I’ve tried hard to like Sammy Watkins. I really have. And don’t get me wrong, I do, just not as the top receiver in the 2014 draft class. The speed, hands and quickness are all intriguing, but I’m still not convinced that he projects better than Texas A&M‘s Mike Evans at the NFL level.
Evans, the 6-foot-5 behemoth responsible for a good chunk of Johnny Manziel‘s success over the past two seasons in College Station, has proven the best jump-ball receiver in recent memory but is still predicted to fall just outside the top 10 for this May’s draft. Watkins is penciled in as a top-5 pick.
Sure, Watkins was electrifying in his third season at Clemson; he grabbed 101 receptions for 1,464 yards and 12 touchdowns on his way to being named a first-team All-American. He possesses unbelievable speed (4.34 40-yard dash) and quickness for his size — 6-foot-1, 211 pounds — and is likely more dangerous following the catch than any other wideout available.
But many forget that Watkins was being labeled a fraud following a down season just a year ago; he showed a visible lack of effort at times and was suspended for Clemson’s first two games for possession of marijuana.
While the marijuana charge isn’t necessarily a deal-breaker, problems like this do tend to follow players to the league (see: Josh Gordon and Justin Blackmon). It’s something that prospective suitors must take into consideration before investing in Watkins.
Moreover, his route running is oft-cited as a key concern among draft analysts — this can and will present major issues in the NFL. It’s considered an easy fix, but over the years many “can’t-miss” prospects have failed to figure it out (see: Darrius Heyward-Bey and Mike Williams) before falling into obscurity.
Though in the end, it’s not so much that there’s anything wrong with Watkins as it is that there’s simply more right with Evans. Evans absolutely dominated SEC defenses in 2013, lighting them up for 1,394 yards receiving and 12 TDs. His 20.2 YPC was the highest average for any player with 60-plus grabs since UAB‘s Roddy White back in 2004.
Evans has garnered numerous comparisons to Chicago Bears‘ receiver Alshon Jeffery as well. Jeffery played three years at South Carolina, becoming the SEC’s premier downfield threat following a 2010 season in which he amassed 1,517 yards receiving and nine touchdowns. He was praised for his combination of size and speed and has become one of the league’s premier receivers after only two seasons.

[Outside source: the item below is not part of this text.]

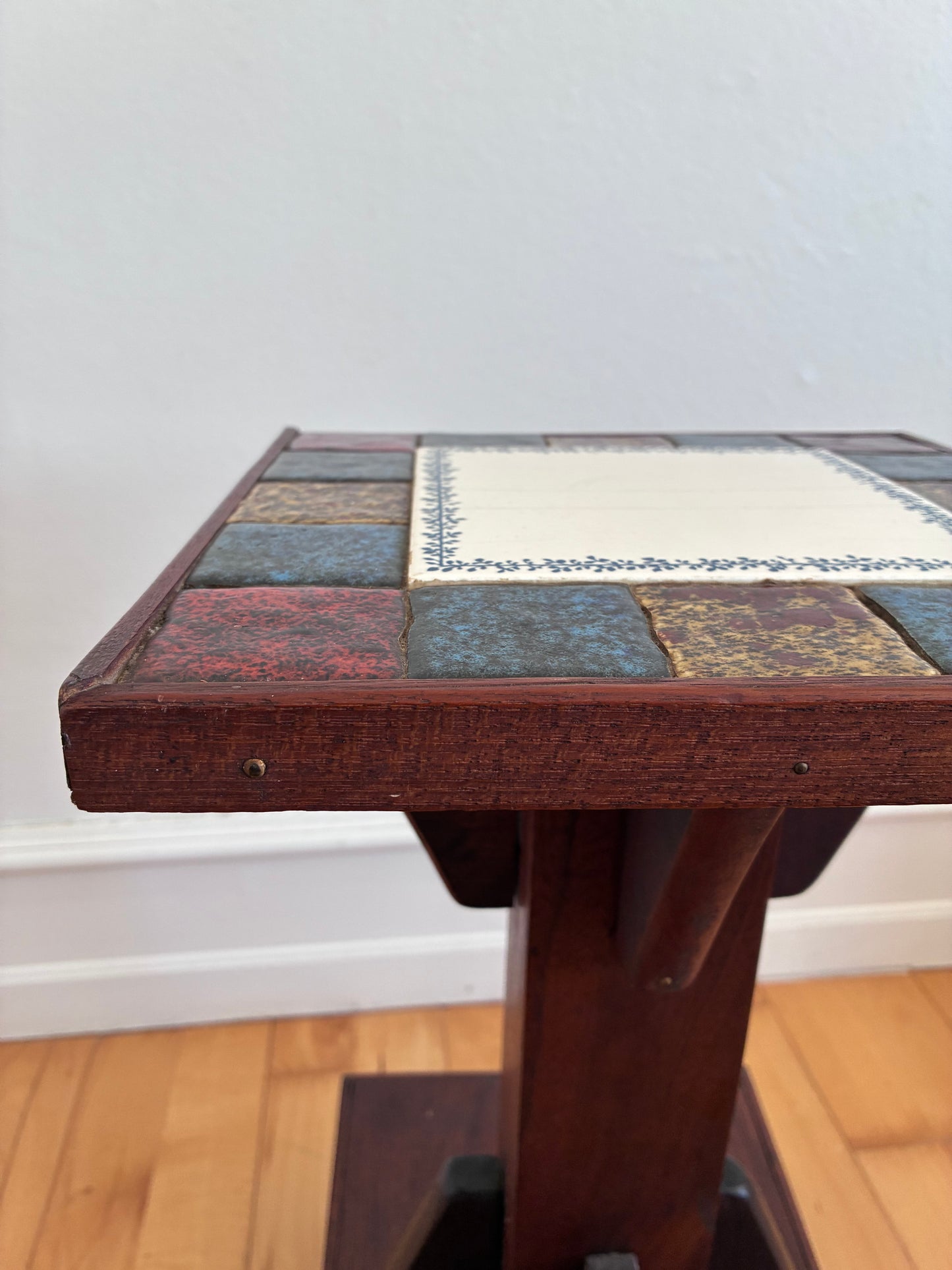 Vintage Arts and Crafts Tile-Top Side Table / Plant Stand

Evans is actually two inches taller, jumps higher and surprisingly recorded a faster 40 time (4.47) than did Jeffery. After witnessing the damage he inflicted to opposing secondaries last season, imagining a Jeffery 2.0 is scary, but Evans may be just that.
Evans also possesses the improvisational skills to get open on broken plays; he rarely gives up on a route and routinely comes down with contested catches. Watkins, however, isn’t necessarily a proven pass catcher — many of his receptions have come via short, high-percentage passes. He won’t find space as easily he did lining against unimpressive ACC secondaries and his route-running deficiencies will be exposed and exploited early on.
Watkins will be a great receiver eventually, but Evans is a great one now. He’ll make an impact immediately wherever he ends up and has the potential to ascend to Dez Bryant/Demaryius Thomas status if he can improve his first step. Watkins will be the first wideout off the board in May, but Evans will provide a more immediate impact and ultimately finish with the better career.